START SOURCE DATA

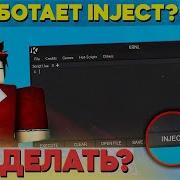 Как Заинжектить Читы Для Roblox Если Выдаёт Ошибку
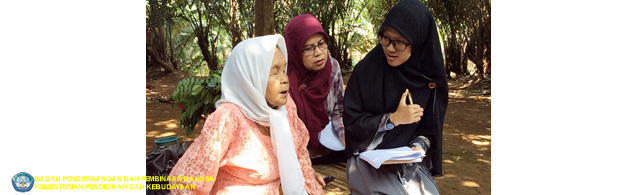 Merawat Bahasa dan Sastra Daerah melalui Kajian Konservasi dan Revitalisasi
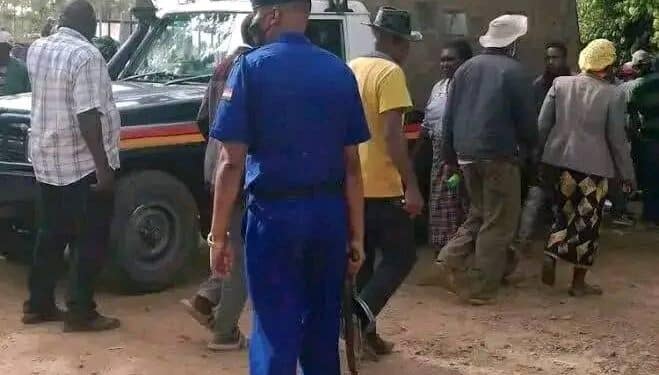 Kericho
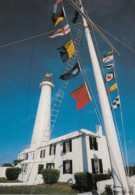 Bermuda Gibbs Hill Lighthouse Postcard Phare Leuchtturm Faro - Phares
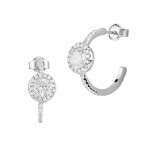 Imagen de Pendientes Boccadamo Sophie Mujer OR829W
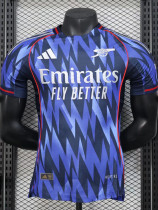 25-26 ARS Blue Special Edition Player Version Soccer Jersey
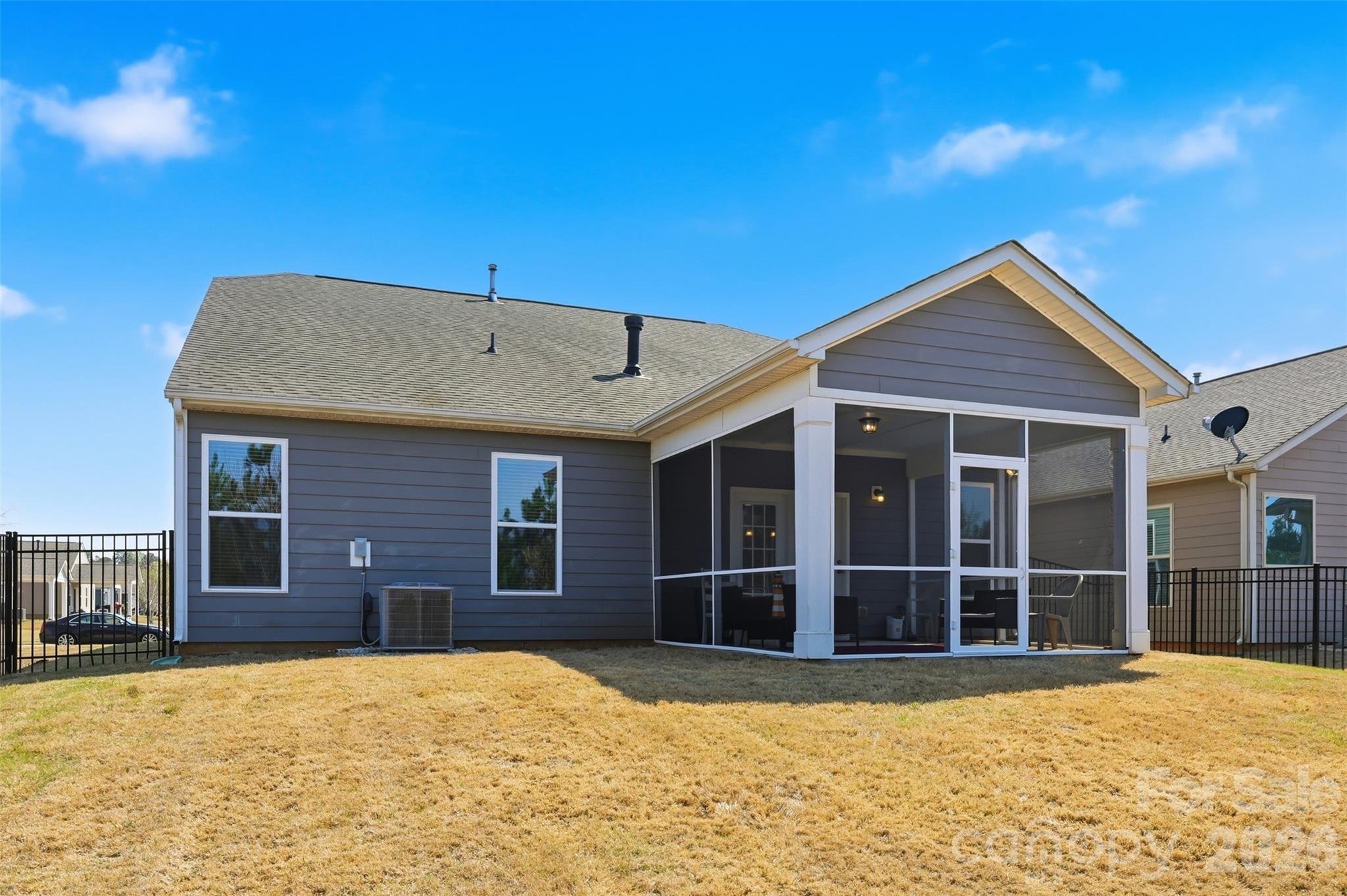 Walnut Creek - Residential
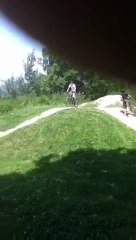 dirt VTT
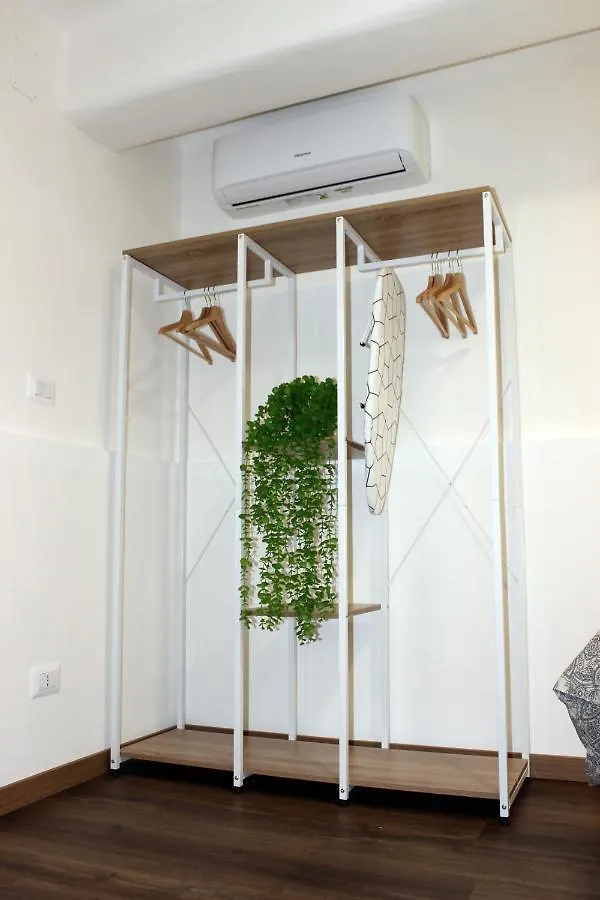 Lalla Home Bari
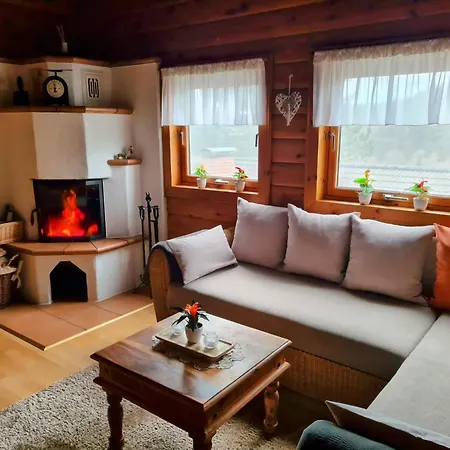 Alpstuga Spessart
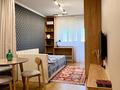 1-бөлмелі пәтер · 30 м² · 9/12 қабат, Садвакасова 35, бағасы: 280 000 ₸ в Алматы, Ауэзовский р-н — фото 12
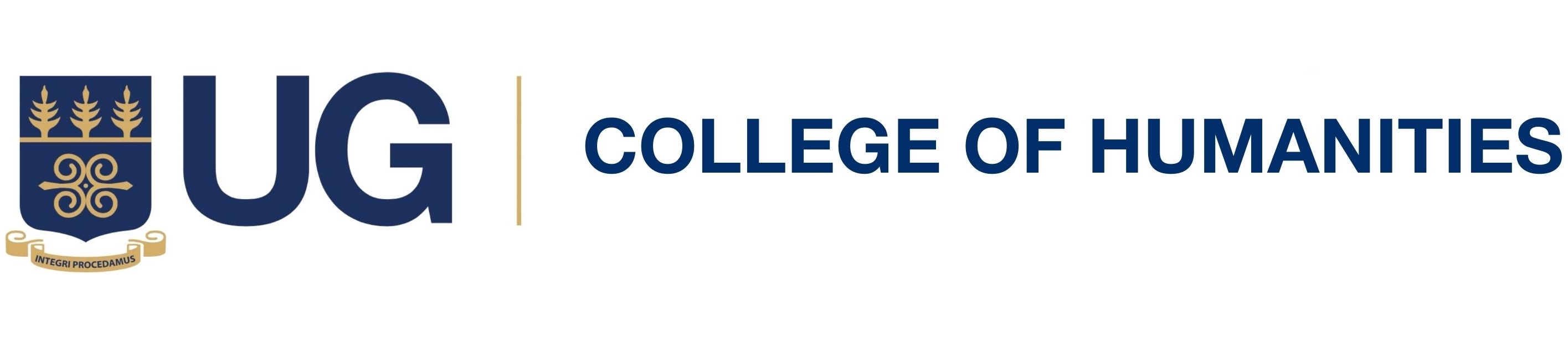 University of Ghana College of Humanities
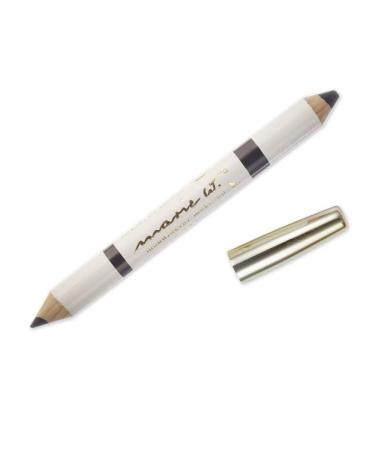 marie w. - Duo Kajal - Indian Black - 2.8 g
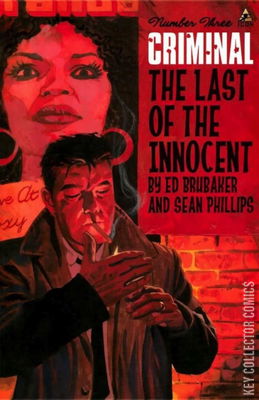 Criminal: The Last of the Innocent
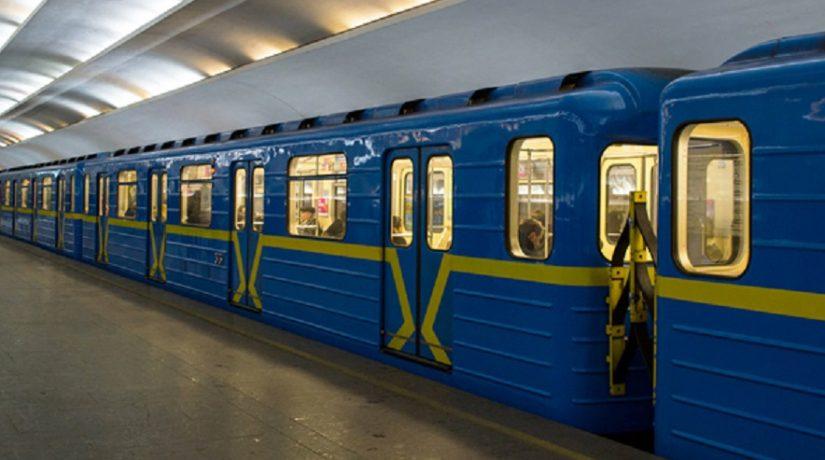 Стаття Утверждены новые правила метро: не будут пускать попрошаек и агитаторов Ранкове місто. Київ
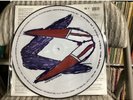 System of a Down 2 Record Picture Set from 2002 VHTF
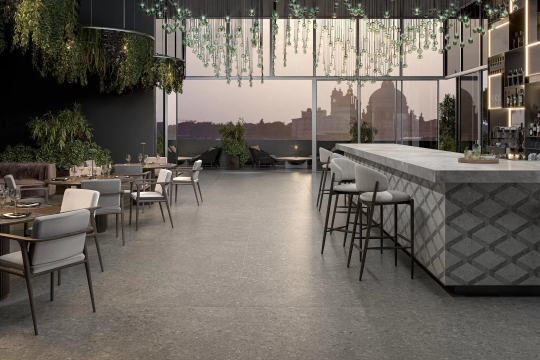 Фото опубликовано: ООО "СТРОЙУРБАНТРЕЙД", ИНН 9728131397, maxikeram.ru  ©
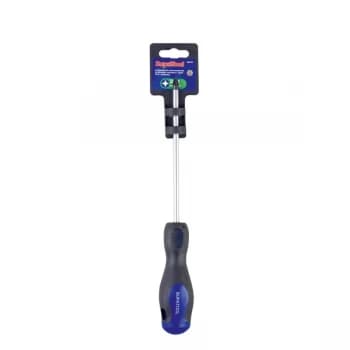 SupaTool Slotted Head Soft Grip Handle 150mm x Slotted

END SOURCE DATA

### [TASK ITEM]
Because only the text is wanted, repeat all the entries exactly and leave out the pictures.

### [SOLVED PROBLEM]
 Как Заинжектить Читы Для Roblox Если Выдаёт Ошибку
 Merawat Bahasa dan Sastra Daerah melalui Kajian Konservasi dan Revitalisasi
 Kericho
 Bermuda Gibbs Hill Lighthouse Postcard Phare Leuchtturm Faro - Phares
 Imagen de Pendientes Boccadamo Sophie Mujer OR829W
 25-26 ARS Blue Special Edition Player Version Soccer Jersey
 Walnut Creek - Residential
 dirt VTT
 Lalla Home Bari
 Alpstuga Spessart
 1-бөлмелі пәтер · 30 м² · 9/12 қабат, Садвакасова 35, бағасы: 280 000 ₸ в Алматы, Ауэзовский р-н — фото 12
 University of Ghana College of Humanities
 marie w. - Duo Kajal - Indian Black - 2.8 g
 Criminal: The Last of the Innocent
 Стаття Утверждены новые правила метро: не будут пускать попрошаек и агитаторов Ранкове місто. Київ
 System of a Down 2 Record Picture Set from 2002 VHTF
 Фото опубликовано: ООО "СТРОЙУРБАНТРЕЙД", ИНН 9728131397, maxikeram.ru  ©
 SupaTool Slotted Head Soft Grip Handle 150mm x Slotted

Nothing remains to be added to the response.